A GNA feature by Rex Annan
Accra. Nov. 15, GNA - In recent years, universities and institutions of learning in Ghana that are supposed to be churning out social, political, economic and religious leaders for the country have turned out to be places where vices are perpetrated. It is on record that moral decadence is high on the university campuses.
There was the recent case of assault on a musician who had gone to one of the campuses to perform. There was also the case of examination malpractice and fraudulent admissions at some of the universities. This can be blamed on the new sexual freedom, development in pregnancy prevention methods, legalization of abortion, break down in family, decline in parental control, media promotion of cheap values, sexual stimulation in music and dancing and dressing that promotes sexual arousal and immoral thoughts in men, sex education and love for money.
As the case stands on the campuses at present, one may not need to browse pornographic sites on the Internet or read literature that depicts pornography. Pornographic sites exist in the lecture halls, hostels and everywhere on the campuses through, "spaghetti", "fish skirt", "silted pants," palazzo pants", "mini-skirts", "cupsy tops" among other things.
This situation is connected with falling educational standard, exacerbated by various forms of academic dishonesty and examination malpractices.
There is also so much unrest on the various campuses. The unrest takes different dimensions, cutting across the entire campus life of the institutions, thus making them unsafe for human habitation. The unrest includes students' riots, student boycott of classes; strike on the part teaching and administrative staff and other confrontational positions taken by either students or staff of the institutions.
In some cases of unrest, lives are lost and property worth millions of cedis destroyed. Some of the institutions are closed down for very long periods, thus resulting in loss of valuable teaching and learning hours. There is so much fear and trepidation. The institutions, which normally should be quiet or serene for teaching and learning, are turned to almost battle fields without the military. Another cause of campus unrest is occultism. The dictionary defines cult as group of people that follow a system of worship, especially one that is different from the usual and established forms of religion in a particular society. This is a most serious vice that permeates virtually all-tertiary institutions in the country. Students rush to become members of cults and secret societies because of the wrong indoctrination that the organizations have the power to improve their academic performance in the various institutions and they will pass their examination without putting in the needed efforts.
Closely linked with campuses' unrest is lack of respect for constituted authorities on the part of members of institutions. It is no longer news that corruption and unethical practices prevail in tertiary institutions.
Wherever one looks disaster seems to be looming and the earlier measures were instituted to curb the excesses on the campuses the better it would be for the nation.
For a start the blame game should stop. There should be serious introspection to identify the root causes of the unrest to uproot them. The Government has been calling on educational authorities to impose discipline but at the same time the new found freedom is restricting the power of these authorities.
The case in point is the one the GNA reported recently involving a student, who took the authorities of the Kwame Nkrumah University of Science and Technology, Kumasi, to a court that compelled them to lift arrangements they had made to improve security at the campus. While this might be hailed as an indication of the existence of the rule of law in the country, it, nevertheless punches holes in the cloak of authority of the institution.
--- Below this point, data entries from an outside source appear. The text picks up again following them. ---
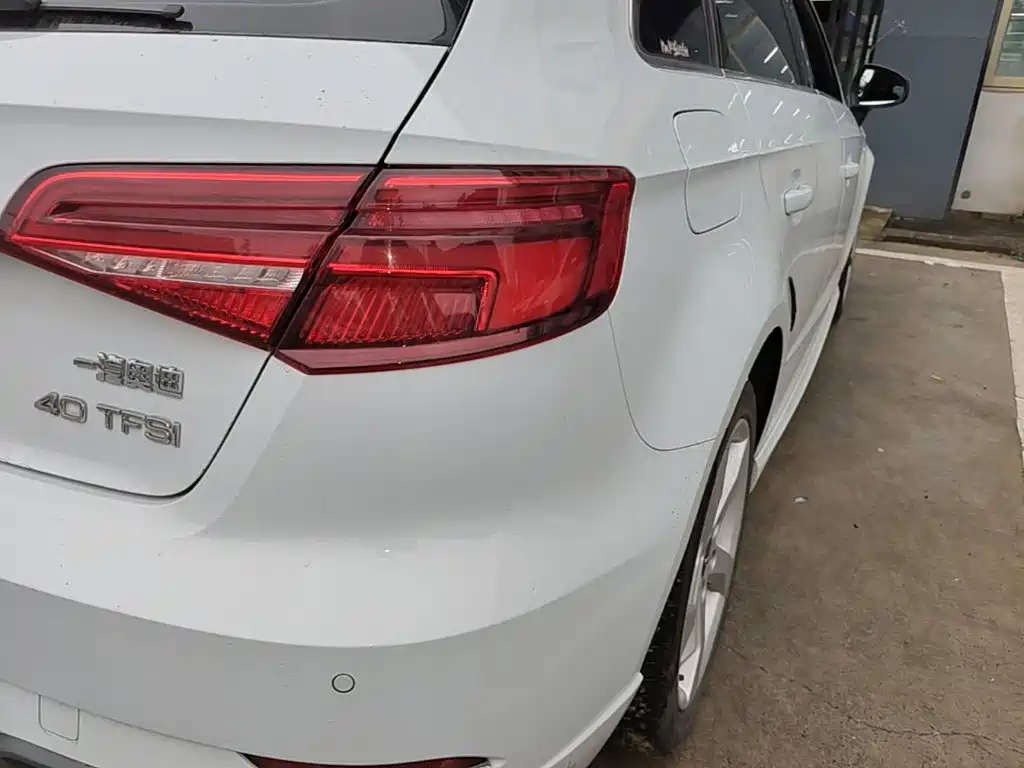 Audi A3 — миниатюра 8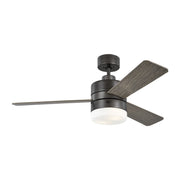 Era LED 44" Ceiling Fan in Aged Pewter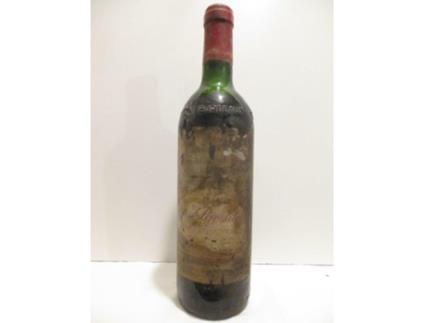 Vinho Tinto CHÂTEAU PEROUTET 1986 (75 cl - 1 unidade)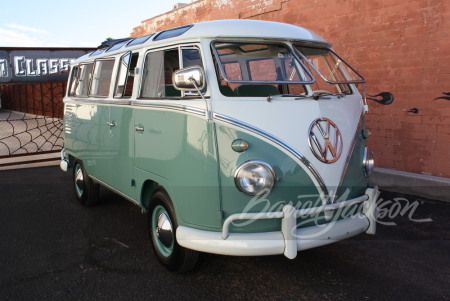 1959 VOLKSWAGEN 23-WINDOW MICROBUS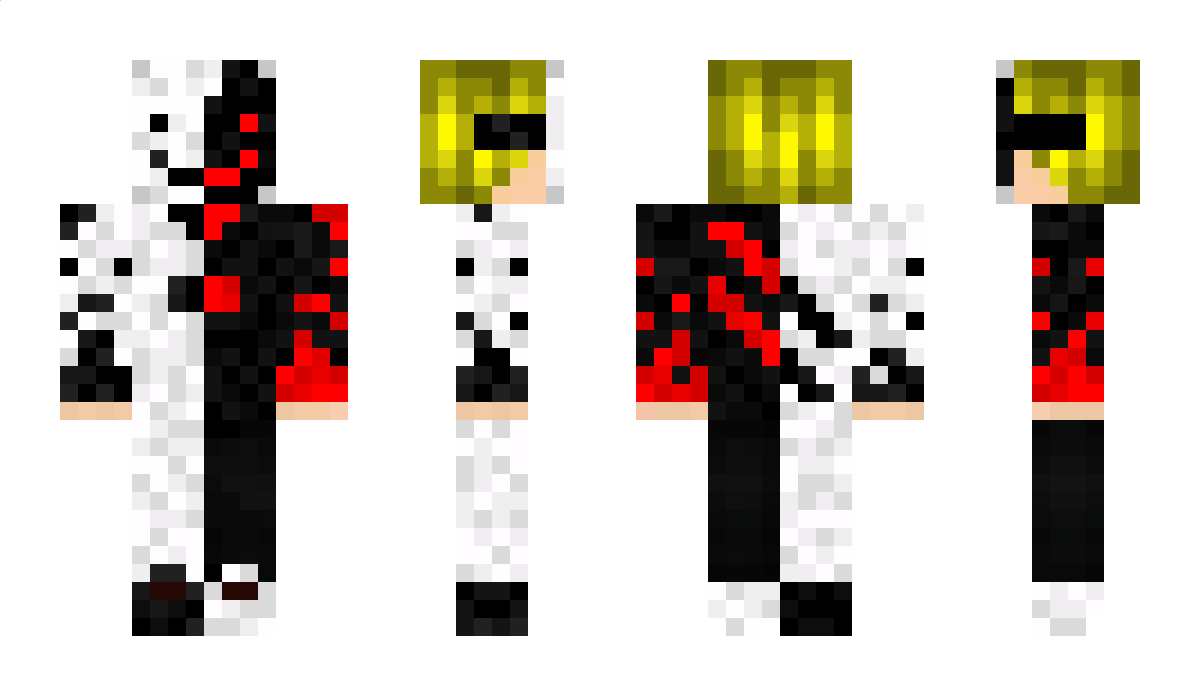 AmediumO1 Minecraft Skin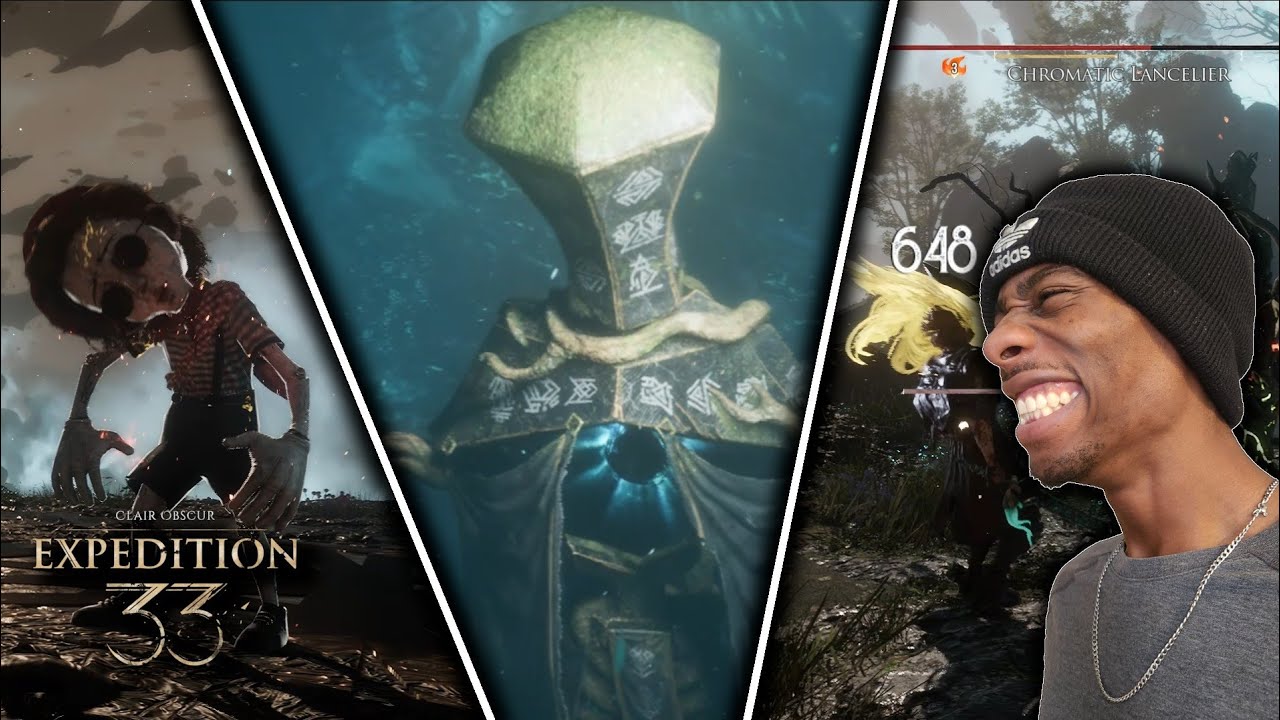 Mimes, Chromatics, and EVEQUES! I'LL COOK EM ALL! - Clair Obscure: Expedition 33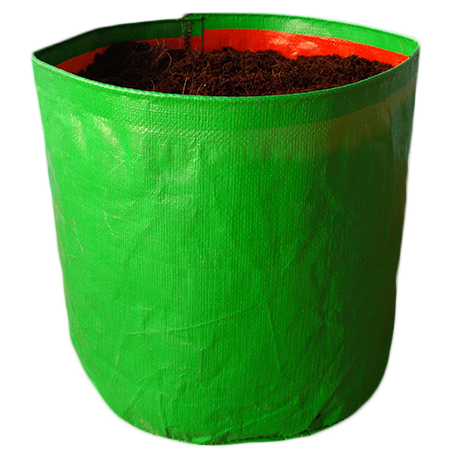 Grow Bag for Terrace Gardening Round Shaped 15 inch X 15 inch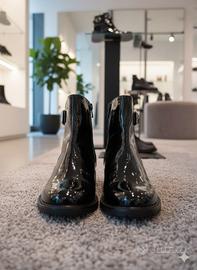 Scarpe, Stivaletti in pelle Laura Biagiotti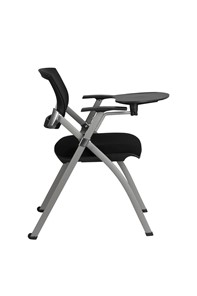 Офисное кресло складное Riva Chair 462ТE (Черный) в Перми - предосмотр 2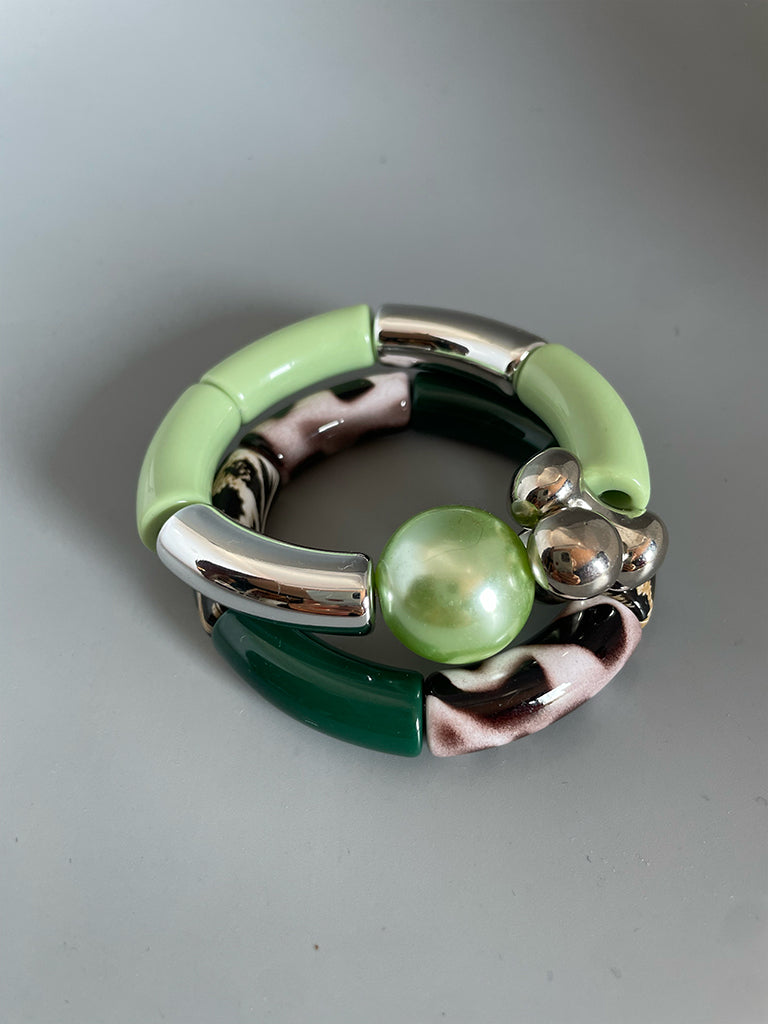 Pulseras Dúo Old Vintage Potus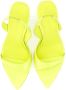 3Juin High Heel Sandals Yellow Dames - Thumbnail 6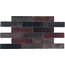 Marazzi Terramix С000489792 MMKW_TerramixNero porcelain tile 7x28 cm, Italy, brick - photo 1 Marazzi Terramix С000489792 MMKW_TerramixNero porcelain tile 7x28 cm, Italy, brick - photo 1
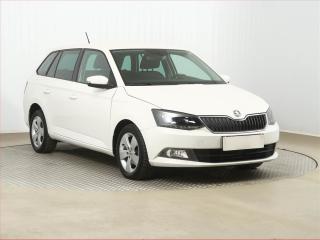 koda Fabia 1.4 TDI, Park.senzory
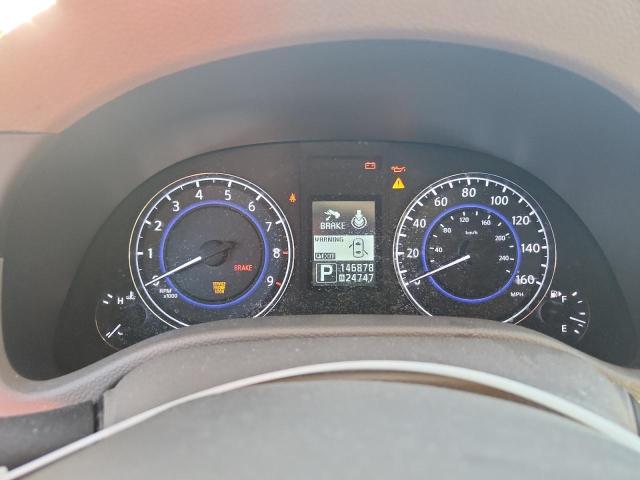 JN1CV6AP3DM710492 - 2013 INFINITI G37 BASE WHITE photo 15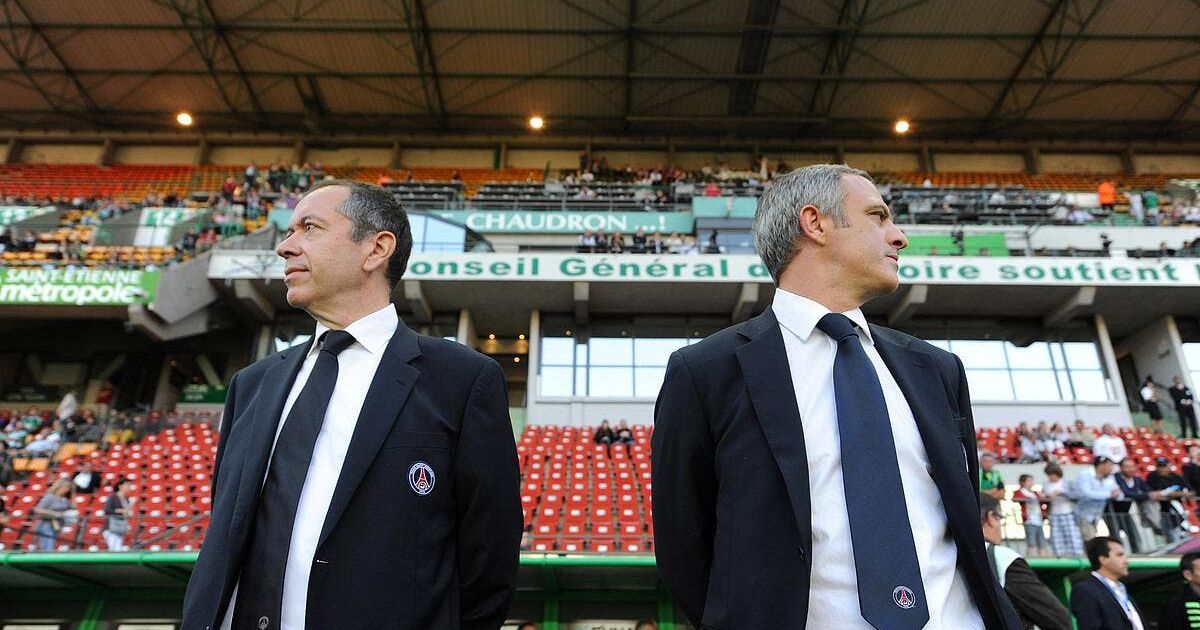Roche mis au placard du PSG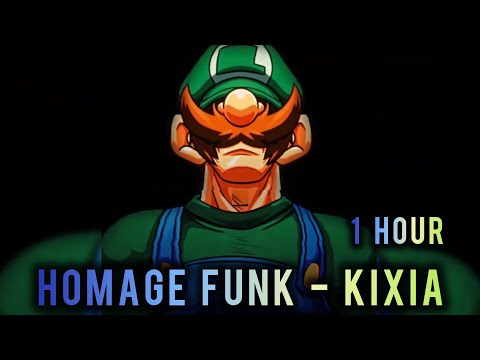 1 HOUR 𝐇𝐎𝐌𝐀𝐆𝐄 𝐅𝐔𝐍𝐊 𝐊𝐈𝐗𝐈𝐀 SLOWED REVERB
There is the need to appreciate the negative and destructive impact of these vices on individuals, family and the nation. All hands should be on the deck to fashion out programmes to deal with the root causes rather than symptoms of these vices.
Let us move a step further not only to churn out a set of social rules, which may be circumvented by the spiritually un-regenerated but smart students, but by appealing to the moral or spiritual worth of the individual.
Such a spiritual approach, this Writer believes would help to get students to say no to evil and act right any where they are.